Many users post links with link shorteners such as bit.ly or share.gs rather than the full URL. CrowdTangle expands many of these shortened URLs into the full URL in the data it provides, but it does not do so for all links. CrowdTangle does not consistently provide expanded links for those organizations or individuals using custom shorteners (for example, Pew Research Center uses links that begin with pewrsr.ch instead of pewresearch.org). To determine the site that was linked to in the full URL, researchers followed all URLs and recorded the final destination using a custom Python script.

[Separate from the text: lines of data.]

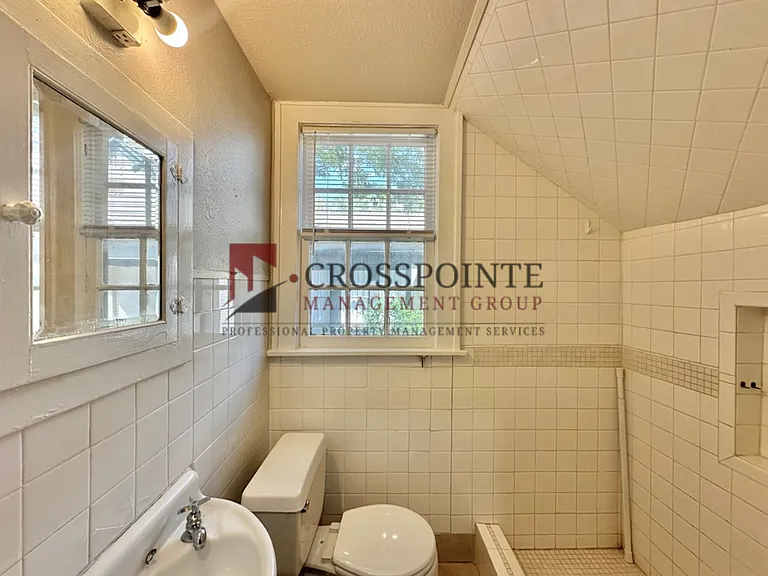 College Ave Triplex — Photo 4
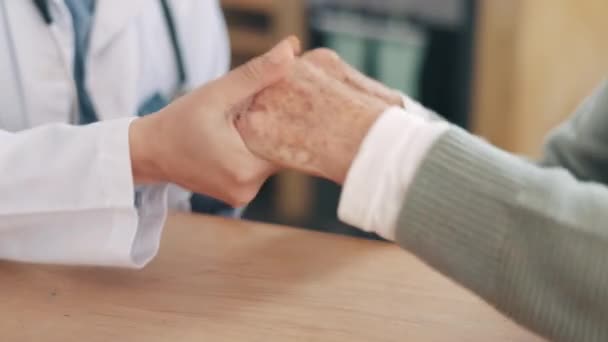 Arzt Älterer Mensch Und Händchenhalten Nahaufnahme Für Unterstützung Beratung Oder — Stockvideo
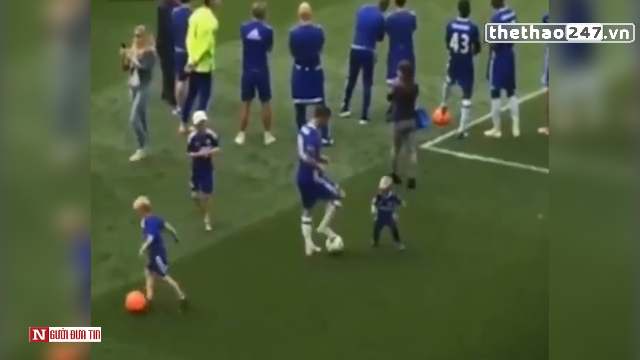 VIDEO: Cảnh chơi bóng đầy thú vị giữa Hazard và con trai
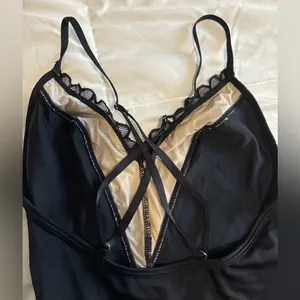 Adika black bodysuit with lace detail thumbnail 4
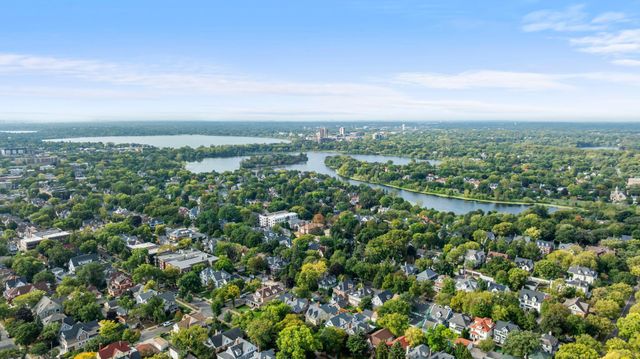 1785 Dupont Avenue S Upper, Minneapolis, MN 55403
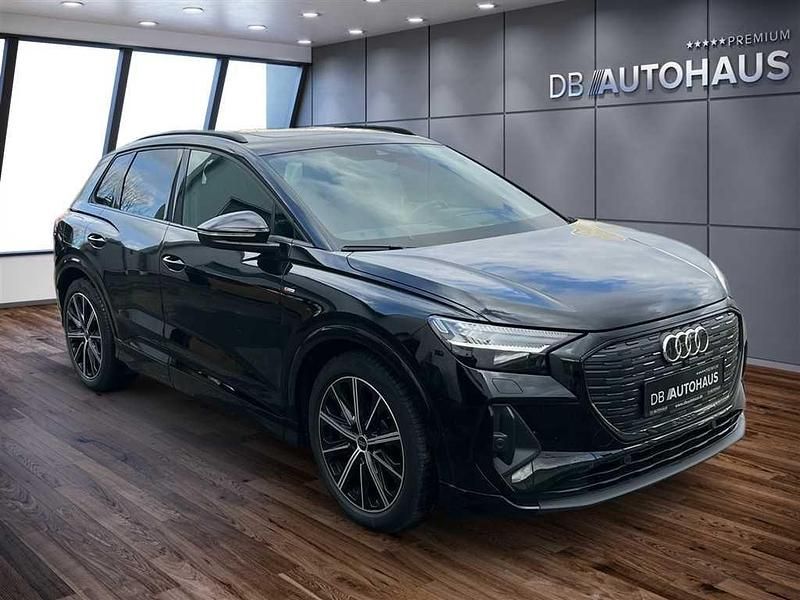 Gebraucht Audi Q4 e-tron Ambiente 194 kW (265 PS) 2023 Schwarz SUV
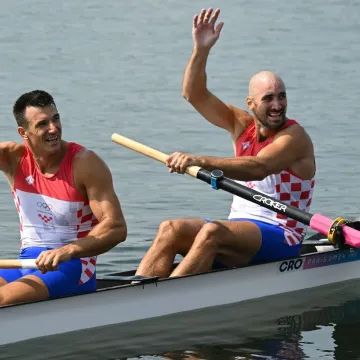 Sinkovići iscrpljeni stigli do europske bronce: 'Bolje od ovoga jednostavno nije moglo'
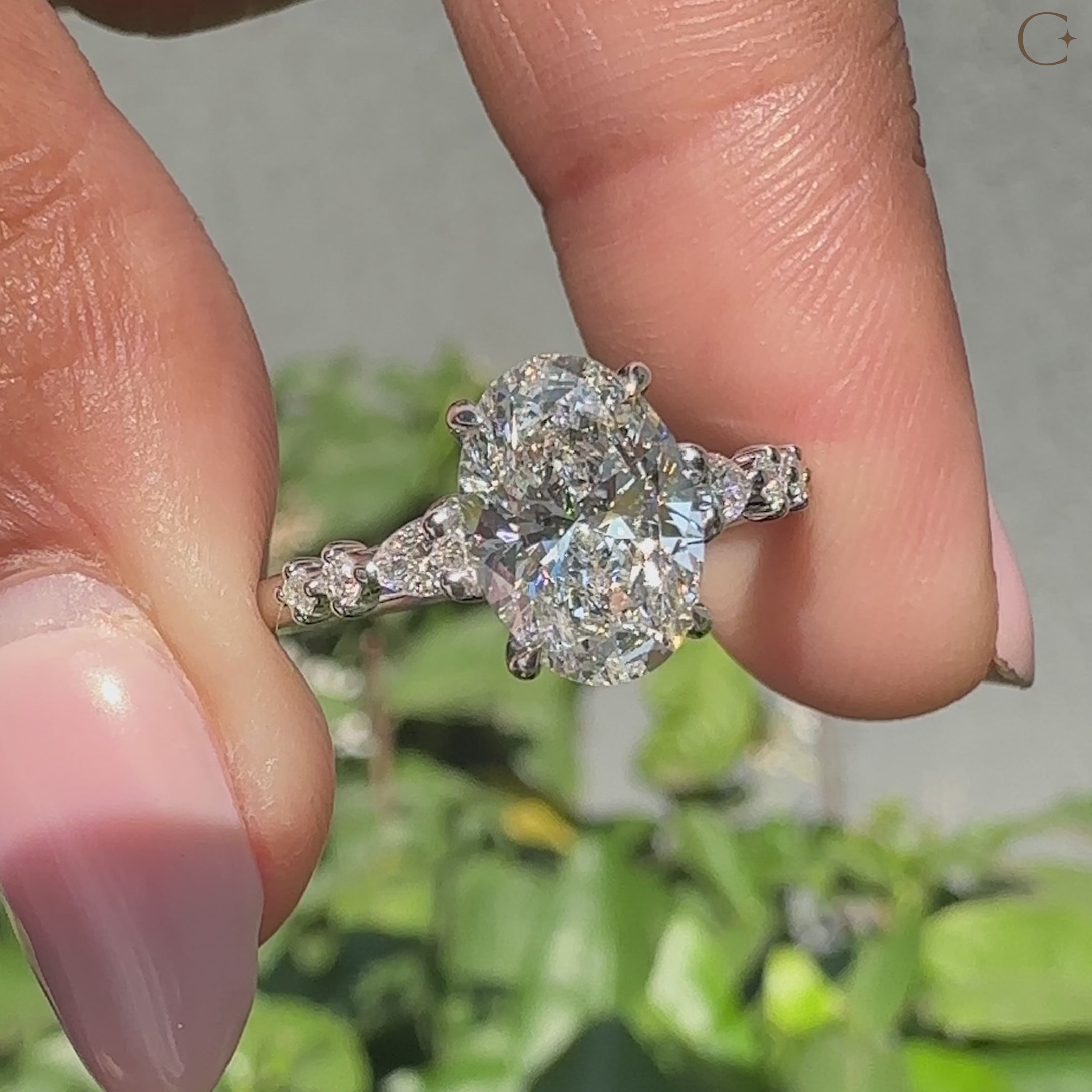 Seven stone diamond ring in white gold
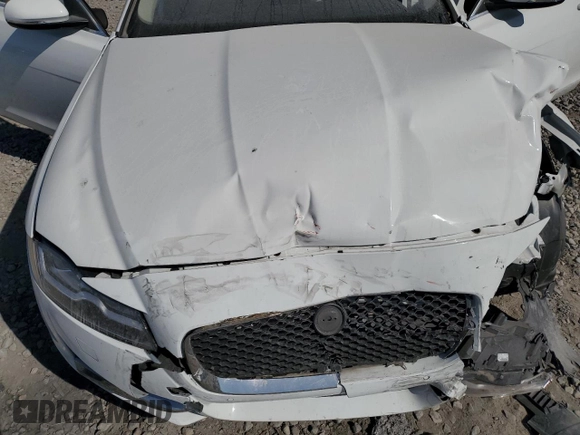2019 Jaguar XF 25t Premium with VIN SAJBJ4FX0KCY76653, listed as a Copart auction lot 75358164 with 12,403 mi miles and Salvage Title. Bid and sale history available at carsss.com. Image 11.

Each link was then analyzed using a custom Python script to determine the site that published it (e.g. pewresearch.org/facebook_study.html was published on pewresearch.org). Researchers then manually analyzed each site to ensure there were no duplicates or subdomains (e.g., newsletters.pewresearch.org would be included in pewresearch.org). This process identified 4,860 unique sites in the 93,091 coronavirus-related posts.

 

Content analysis

This study conducted a content analysis of each of the 3,000 public spaces and the 4,860 sites. Five coders were trained and performed this content analysis. All codes were then reviewed by a team of at least two researchers, including at least one that was not part of the original coding.

The 3,000 public spaces were coded for two variables:

  • Subject orientation refers to the broad topic that the public space is oriented around. For each public space, researchers examined the name as returned in the CrowdTangle data. They also performed Google and Facebook searches if the name itself was unclear. Individual posts on a given public space were not considered to determine the subject orientation for each public space. This resulted in a total of 10 broad categories used throughout the report – public spaces oriented around:
    • Personal interest & lifestyle
    • Entertainment & sports
    • & politics
    • Religion
    • General news
    • Business & public figures
    • Foreign
    • Nonprofit & research
    • Humor
    • Health care & science

 

  • Geographic focus indicates whether a public space explicitly referenced a local city, town, neighborhood or state in the U.S., a foreign country or area, or did not have a geographic focus.

The 4,860 websites were analyzed for two variables:

  • Source type describes the different types of websites that coronavirus-related posts linked to. There were a total of 20 mutually exclusive source types, grouped into six broad categories:
    • News organizations – Television stations, digital native news organizations, print publications, news aggregators, radio & podcasts, wire services
    • Social sharing sites – Blogs, social media sites, other discussion sites
    • Nonprofit & research organizations – Nonprofit & advocacy organizations, academic & research organizations, fact-checking sites
    • Health care & scienceHealth care entities (e.g., hospitals, doctors), public health agencies (e.g., CDC)
    • Government and political sites – no subcategories
    • Other sites – Non-U.S. sites, business sites, satirical & humor sites, religion sites, other sites

Geographic focus: This variable was only analyzed for those sites that were news organizations, as described above. This variable identified whether a news organization was local (the outlet focused on news in a U.S. city, state or another specific local area), non-U.S. (the outlet focused on a foreign country or area) or had no geographic focus.

Coders were given multiple sets of public spaces and sites to evaluate during the training process. Coding began once internal agreement of how to code the variables was established. The Cohen’s kappa (for public spaces, which had two coders) and Krippendorff’s alpha (for sites, since there were more coders) estimate for each variable is below. During this process, coders trained on 300 public spaces and 205 sites.

  • Public spaces subject orientation: 0.83
  • Public spaces geographic focus: 0.88
  • Sites source type: 0.91

Analysis of the geographic focus for news organizations was done collaboratively with two coders and was not tested for intercoder reliability, as they talked through each case.

Throughout the coding process, coders discussed questions as they came up and arrived at decisions under the supervision of the content analysis team leader.